Permanasari, Anna. 2018. “Karya Tulis Ilmiah, Untuk Apa?”. Dalam, Makalah, Seminar Penulisan Karya Tulis Ilmiah diadakan oleh Kopertis Wilayah IV pada Tanggal 20 Februari 2018 di Universitas Pendidikan Indonesia, Jatinangor-Bandung.

 

Website

https://pakarkomunikasi.com/teknik-penulisan-karya-ilmiah, diunduh pada tanggal 27 Oktober 2018.

https://www.kopertis4.or.id/wp-content/uploads/2018/03/Prof.-Ana-KARYA-TULIS-ILMIAH-UNTUK-APA.pdf, diunduh pada tanggal 28 Oktober 2018.



[1]Penjelasan Pasal 4 UU No. 28 Tahun 2014 bahwa yang dimaksud dengan "hak eksklusif" adalah hak yang hanya diperuntukkan bagi Pencipta, sehingga tidak ada pihak lain yang dapat memanfaatkan hak tersebut tanpa izin Pencipta. Pemegang Hak Cipta yang bukan Pencipta hanya memiliki sebagian dari hak eksklusif berupa hak ekonomi.

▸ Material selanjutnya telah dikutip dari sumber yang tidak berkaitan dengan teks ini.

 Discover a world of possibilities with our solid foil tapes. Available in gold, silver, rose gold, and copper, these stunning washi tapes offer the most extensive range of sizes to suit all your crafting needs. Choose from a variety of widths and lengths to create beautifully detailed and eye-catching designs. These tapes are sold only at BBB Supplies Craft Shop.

[2]Sebagai dasar atas hak milik dikenal ada 2 (dua) prinsip dalam hukum, yaitu prinsip deklaratif dan konstitutif. Deklaratif adalah hak milik yang tidak mengharus adanya pendaftaran merek dan timbulnya hak merek didasarkan pada pemakaian pertama (first to use), bukan karena pendaftaran. Sedangkan konstitutif adalah hak milik yang mengharuskan adanya pendaftaran merek bagi mereka yang ingin memperoleh perlindungan hukum, di mana timbulnya hak merek didasarkan pada pendaftaran (first to file). Lihat, R. Murjiyanto. “Konsep Kepemilikan Hak Atas Merek di Indonesia (Studi Pergeseran Sistem “Deklaratif” ke dalam Sistem “Konstitutif”)”. Dalam, Jurnal Hukum IUS QUIA IUSTUM No. 1 VOL. 24 Januari 2017:52-72.

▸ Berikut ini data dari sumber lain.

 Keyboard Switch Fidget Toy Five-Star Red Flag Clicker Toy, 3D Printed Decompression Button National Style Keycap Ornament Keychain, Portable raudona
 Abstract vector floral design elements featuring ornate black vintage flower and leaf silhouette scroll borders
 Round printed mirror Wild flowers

[3]Selain istilah Hak Cipta, dalam HAKI dikenal pula istilah lain, yaitu Hak Kekayaan Industri, seperti Hak Paten dan Hak Merek. Hak Paten adalah hak eksklusif yang diberikan oleh negara kepada inventor atas hasil invensinya di bidang teknologi, yang untuk selama waktu tertentu melaksanakan sendiri invensinya tersebut atau memberikan persetujuannya kepada pihak lain untuk melaksanakannya. Sedangkan Hak Merek adalah  hak eksklusif yang diberikan oleh negara kepada pemilik merek terdaftar dalam daftar umum merek untuk jangka waktu tertentu dengan menggunakan sendiri merek tersebut atau memberikan izin kepada pihak lain untuk menggunakannya.

[4]Dalam Kamus Oxford Advanced Leaner’s Dictionary, parafrase merupakan “cara mengekspresikan apa yang telah ditulis dan dikatakan oleh orang lain dengan menggunakan kata-kata yang berbeda agar membuatnya lebih mudah untuk dimengerti.” Contohnya:

Pertama, Naskah Asli:

“Mahasiswa sering berlebihan dalam menggunakan kutipan langsung saat membuat catatan, sebagai akibatnya mereka menggunakan kutipan yang berlebihan dalam tugas karya ilmiah (paper). Mungkin hanya sekitar 10% dari manuskrip akhir yang diperbolehkan muncul dalam bentuk kutipan langsung. Oleh sebab itu, anda harus berusaha untuk membatasi jumlah penulisan yanag sama persis dengan materi sumber saat kallian menulis buku atau catatan (Lester, James D. Writing Research Papers. 2nd ed. (1976), hlm. 46-47).

Kedua, parafrase yang legal:

Dalam paper ilmiah, mahasiswa sering mengutip berlebihan dan gagal untuk mengubah materi yang dikutip ke level yang diinginkan. Karena masalahnya, bersumber dari penulisan catatan, maka sangatlah penting untuk meminimalkan pencatatan materi atau kata per kata yang sama persis (Lester 46-47).

Ketiga, parafrase versi plagiat:

Mahasiswa sering menggunakan terlalu banyak kutipan langsung saat mereka menulis buku atau catatan. Sebagai akibatnya, ada banyak kutipan langsung dalam paper tugas akhir mereka. Seharusnya hanya sekitar 10% paper berisi kutipan langsung. Dengan demikian, sangatlah penting untuk membatasi jumlah materi yang dikopi saat melakukan catatan.